The Rose Hall Town Youth and Sports Club (RHTYSC) is also reported to be the first such institution to have a Berbice Cricket Hall of Fame, and the only recreational facility to have four official sponsors in Courts Guyana Inc., Bakewell, Farfan and Mendes Limited, and Sprint 151.
Foster said that in addition to being history makers, the RHTYSC lists among its achievements the nurturing of cricketers including 14 junior and three first class players; 24 players for all levels of Berbice Divisional Cricket; one player each for the West Indies at the Under 15 and Under 19 levels; and another for the West Indies Cricket Academy in Grenada.
The Secretary also disclosed that restoration work at the lower Corentyne Secondary School was accomplished with the Club’s financial assistance of $4M, while club members single-handedly transformed the Area ‘H’ Rose Hall Ground from swampland into a modern sport facility by investing $20M. The ground now has two pavilions, and all-weather court, a spectators’ bleacher, two score boards, an outdoor bar, boundary boards and side screens.
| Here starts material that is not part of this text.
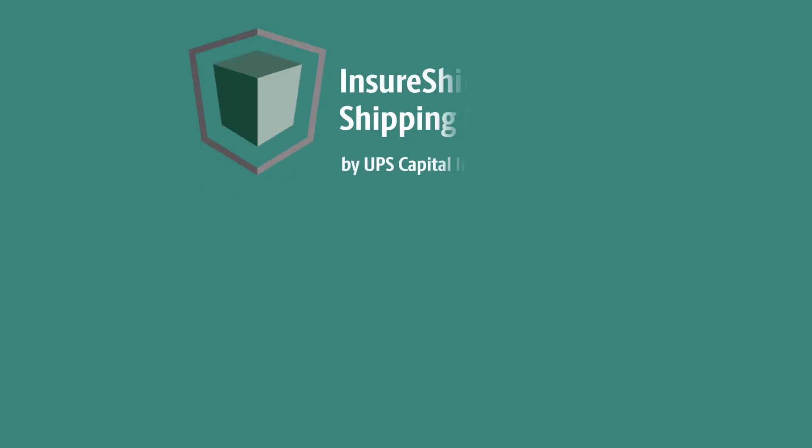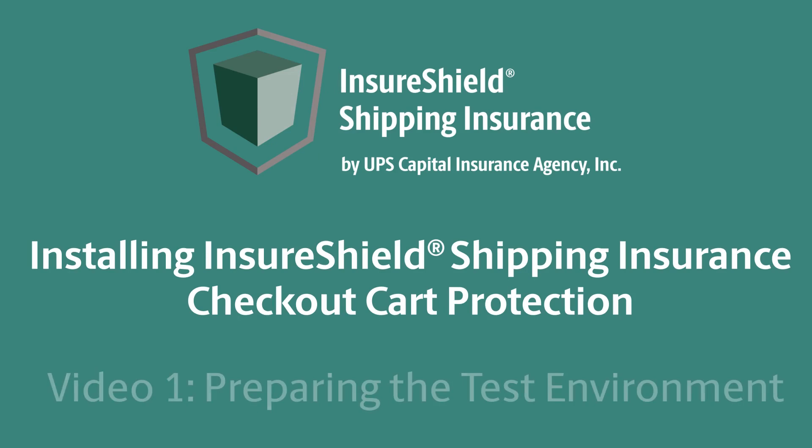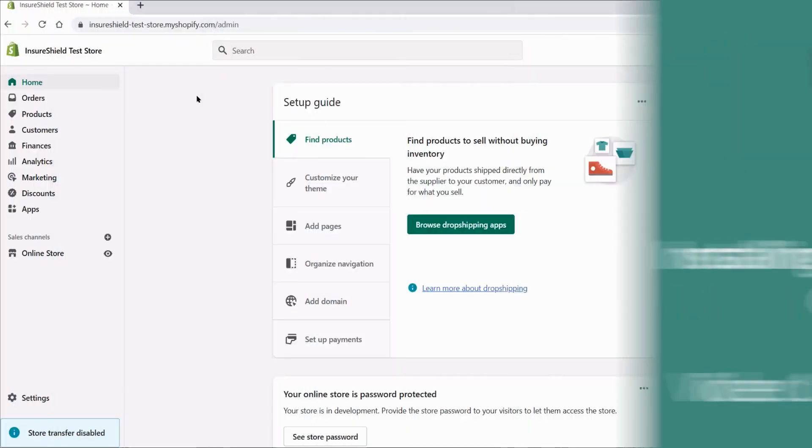Hello and welcome to the InsureShield Checkout Cart installation video series. This is the first of our three-part video series that will take you through the steps of installing the consumer checkout code into your Shopify store. The purpose of this video is to test implementing the code by duplicating your Shopify store theme.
On an annual basis, the RHTYSC holds an awards ceremony at which in excess of $800,000 in prizes are given to outstanding youths in the fields of sports, culture and education.
It also hosts an annual $5M anti-drug and pro-education campaign that targets 60,000 youths in Regions Five and Six, and, also operates a $3M annual charity programme that assists less fortunate families with basic amenities.
One-on-one tutoring in the Sprint 151-sponsored Reading Project for Primary School pupils organised by the Rose Hall Town Youth and Sports Club.
Foster reported that the period 2002-2003 has been very successful for the Club, whose two new television programmes, “Melodies and Memories” and “Soulful Moments” were launched along with three new television public service messages on drug abuse, education and racism.
In addition, a new $10M Youth Centre was opened by the Club, which now serves as the Head Office and includes two dressing rooms, a counseling room, a computer centre, and conference hall. A $1M modern gym, which His Excellency President Bharrat Jagdeo has visited, was also established two years ago.
The Club was represented at the United Nations-sponsored special session on the Rights of Children held in New York, USA to focus on governmental policies for children around the world, and to hear from young leaders their views on problems.
The Sports Club, the brainchild of St. Francis Xavier Community Developers, was formed in May 1990 with the aim of offering sports, culture, and education as alternatives to life on the streets. Its objective is to help youths become spiritually included and to improve sports activities in the township and the surrounding villages.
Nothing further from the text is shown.